Water plants in the morning so that they have enough moisture to survive a hot day. When planting tomato seedlings or transplants, water them liberally during the first few days. Then, during the growing season, water with roughly 2 inches (or 1.2 gallons) per square foot every week. A robust root system is encouraged by deep watering. Be sure to avoid overhead watering and afternoon watering. To minimize water splashing on the leaves of a plant, water at the plant’s base or soil level (which invites disease). 5 weeks after transplanting, add a layer of mulch to maintain moisture, prevent soil splashing on lower leaves, and manage weeds.

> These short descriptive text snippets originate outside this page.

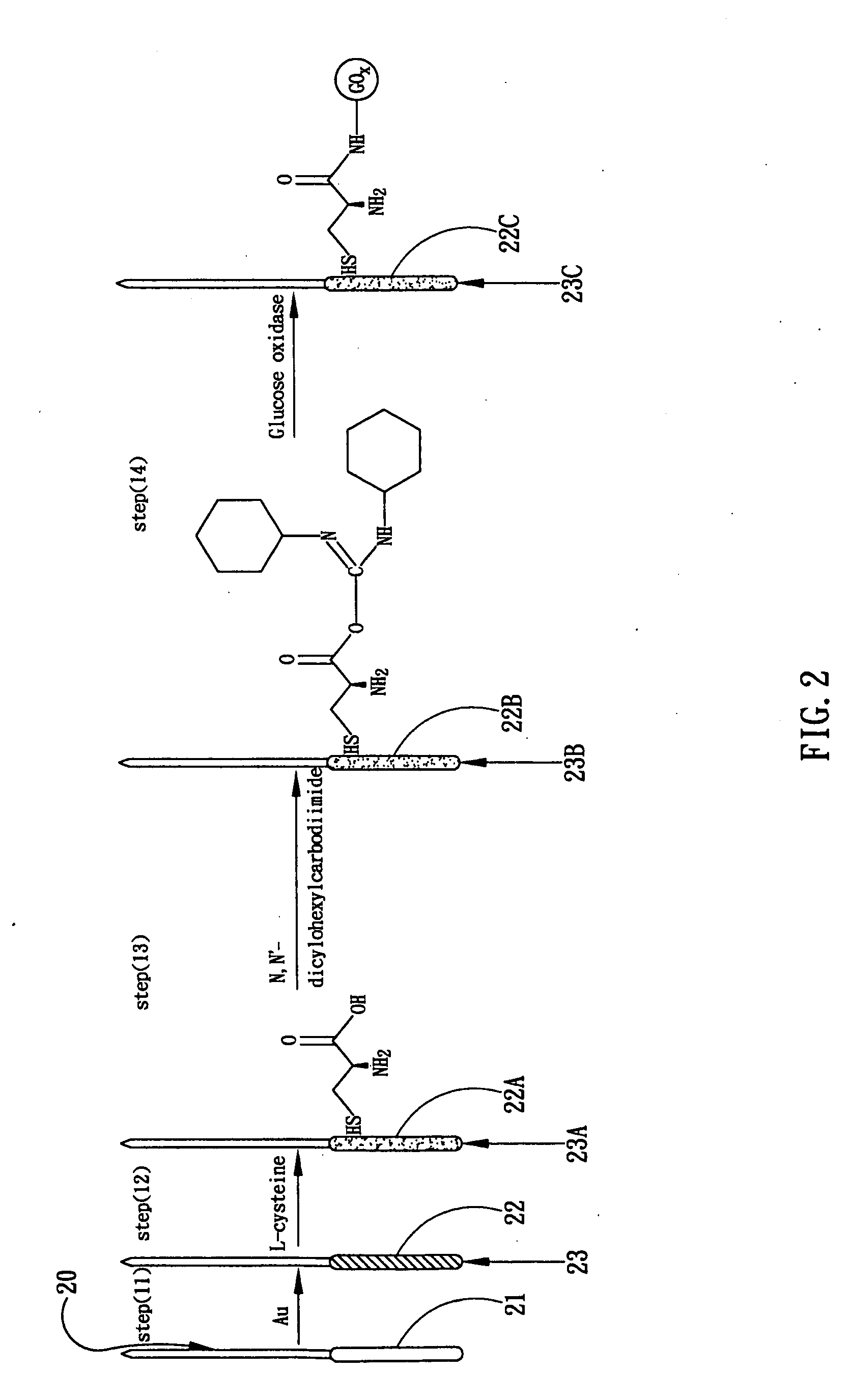 Enzyme electrode and method for producing the same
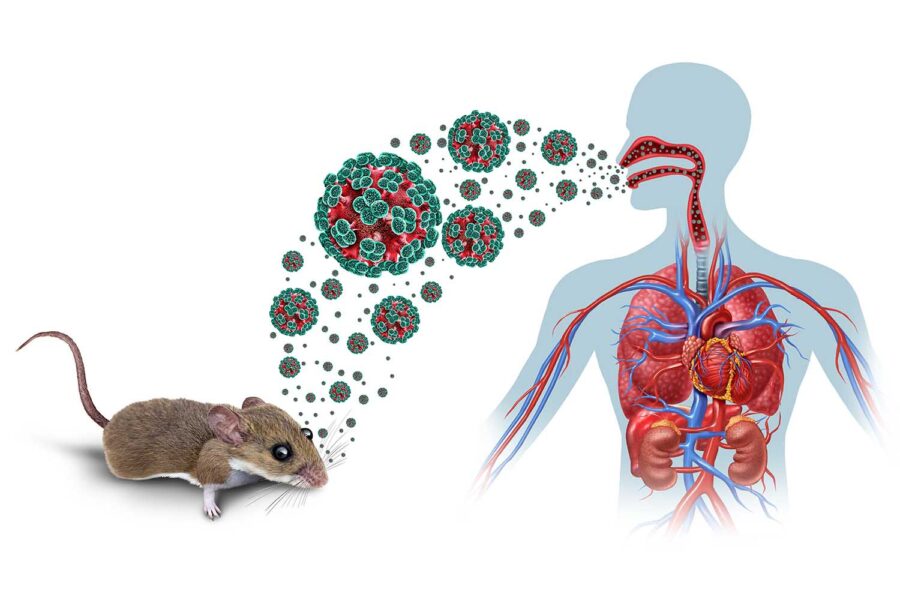 Estudio ambiental detectó roedores portadores de Hantavirus en la provincia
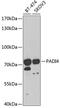 PADI4 antibody, GTX54621, GeneTex, Western Blot image 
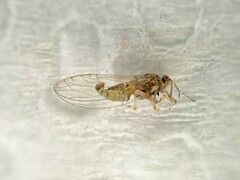 Bactericera cockerelli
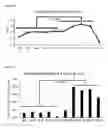 Fig. 30 - HUMAN PLURIPOTENT STEM CELLS PRODUCED BY SOMATIC CELL NUCLEAR TRANSFER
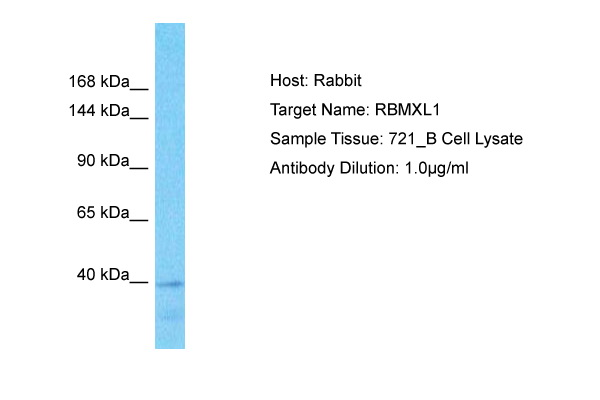Host: Rabbit Target Name: RBMXL1 Sample Tissue: Human 721_B Whole Cell Antibody Dilution: 1ug/ml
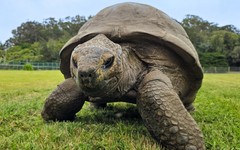 Gene lạ khiến cụ rùa 194 tuổi 'cải lão hoàn đồng'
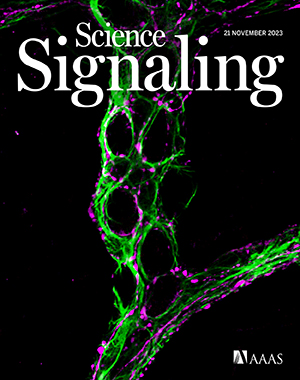 The cover of the November 21, 2023 issue of the journal of Science Signaling, published the American Association for the Advancement of Science, shows microscopic cells from the gut that glow green and purple under a microscope.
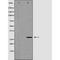 Olfactory Receptor Family 10 Subfamily H Member 3 antibody, orb229714, Biorbyt, Western Blot image 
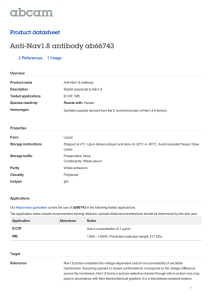 Anti-Nav1.8 antibody ab66743 Product datasheet 2 References 1 Image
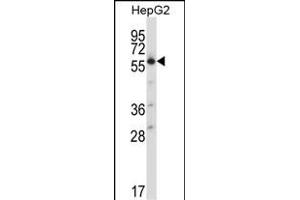 SLC30A1 Antibody (C-term) (ABIN657893 and ABIN2846845) western blot analysis in HepG2 cell line lysates (35 μg/lane).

Apply an organic mulch of 2 to 4 inches, such as bark chips, straw, or hay. Locate several flat rocks and set one next to each tomato plant to help it survive dry spells. Water cannot evaporate from the soil because of the rocks.

Pinch off suckers when growing tomatoes on vines (new, tiny stems and leaves between branches and the main stem). This promotes air flow and lets more sunlight reach the center of the plant. Use soft string, twine, rags, nylon stockings, or twine to gently attach the stems to the posts. Trim the lower leaves from the stem’s bottom 12 inches as the plant grows.


Dig soil to about 1 foot deep and mix in aged manure and/or compost. Give it 2 weeks to break down before planting. When transplanting, you should add some bonemeal to the planting hole. Side-dress plants, applying liquid seaweed or fish emulsion or an organic fertilizer every 2 weeks, beginning when tomatoes are about 1 inch in diameter. Should you be using an organic granular formula, pull mulch back a few inches and scratch 2 to 3 tablespoons of fertilizer around the drip line of the plant. Water in and replace frequently. Continue to fertilize tomatoes about 3 to 4 weeks until frost. Make sure to avoid fast-release fertilizers and high-nitrogen fertilizers as too much nitrogen will create lush foliage but few flowers or little or no fruit.


Be sure to leave garden tomatoes on the vine for as long as possible. Regardless of size, harvest tomatoes when they are firm and very red, with perhaps some yellow remaining around the stem. Harvest tomatoes of other colors (orange, purple, yellow, and another rainbow shade) once they turn the correct color. In the event the temperatures begin to drop and your tomatoes aren’t ripening, you can do one of two methods. The first method is to pull up the entire plant, brush off dirt, remove foliage, and hang the plant upside down in a basement or garage. The second method is to place mature, pale green tomatoes stem up in a paper bag and loosely seal it, or wrap them in newspaper and place in a cardboard box. Continue by storing in a cool (55°F to 70°F) dark place. While cooler temperatures slow ripening, warmth speeds it. Be sure to check weekly and remove diseased, soft, spotted, or ripe fruit. It’s crucial to never place tomatoes on a sunny windowsill to ripen because they may rot before they’re ripe.